Shortly afterwards, she got into I-League club Pune F.C., a move which caught the attention of the media. Unbeknownst to her mother, Sasha was interviewed by a popular News channel. “It was really awesome! When the interview came on television, people from abroad began calling my mum saying, ‘We can see your daughter on TV!’ My mum hasn’t seen it herself but she was very impressed.”
Her club, Pune F.C. went on to merge with Indian Super League (ISL) club F.C. Pune City, allowing the girl’s team a chance into the second year of the women’s I-League. She also regularly attends tournaments held by WIFA, recently winning the WIFA Women’s Champions League 2017.
While Sasha’s school was very encouraging of her football, college has proven more complicated with its strict attendance rules. “There are times when I question whether to go for tournaments and my mum backs me up and tells me to just go for it.”

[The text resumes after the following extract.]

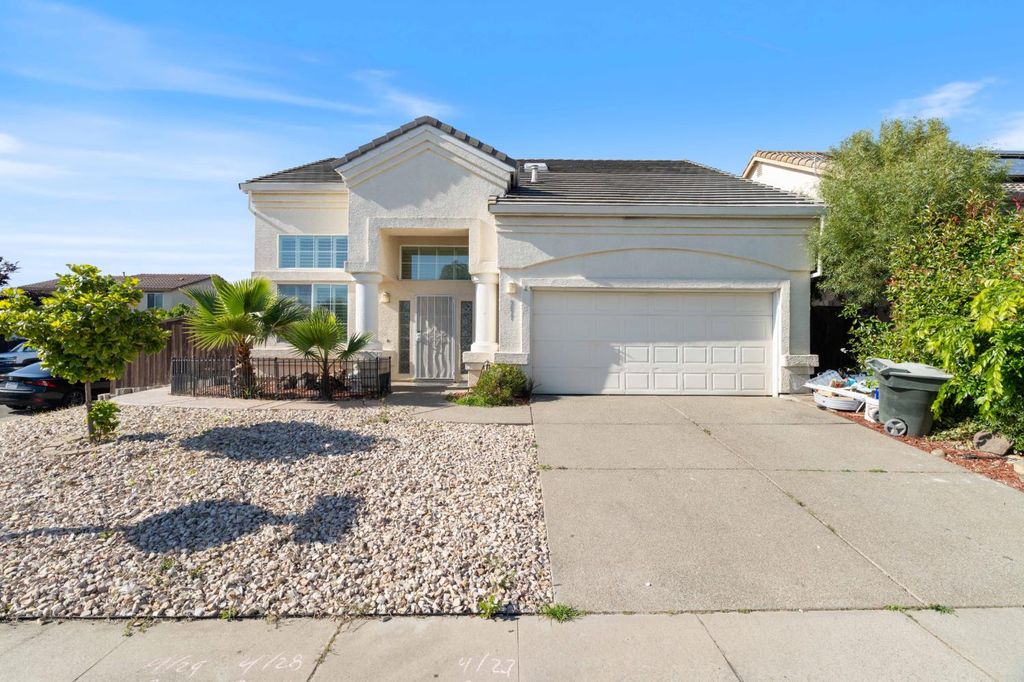 9077 Bedrock Ct, Sacramento, CA 95829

Living in Pune has presented its own share of difficulties with the lack of football fields to practise on. “You need to find a good coach and a good field,” says Sasha. “It’s difficult to manage everything but when I really wanted to get into the team, I did everything I could. When I didn’t get a coach, I started watching YouTube videos and started learning from them.”
Her positivity shines through when she talks about what has kept her going throughout. “I think it’s just the love of football. I can’t say right now if there is any scope, it’s still taking a lot of time but if we continue playing at least there is scope for the younger players. If you see the scene now and 10 years back it was so bad. I know players who have been playing for a long time and it is like an inspiration for us to continue playing.”
For Sasha, football is more than just a sport. “Football is life. Playing football, a happy feeling just comes to you. When you start playing, even as a junior, there is that thrill you get when you play football.”
She also wants to share the joy the game has brought her with others less fortunate. “I am going to start working with Sparky Football (an NGO which uses football as the tool to empower children on life skills). I think it’s a great idea to combine football with social welfare to teach less privileged children. It gives them so much happiness. Just imagine what a beautiful sport it is.”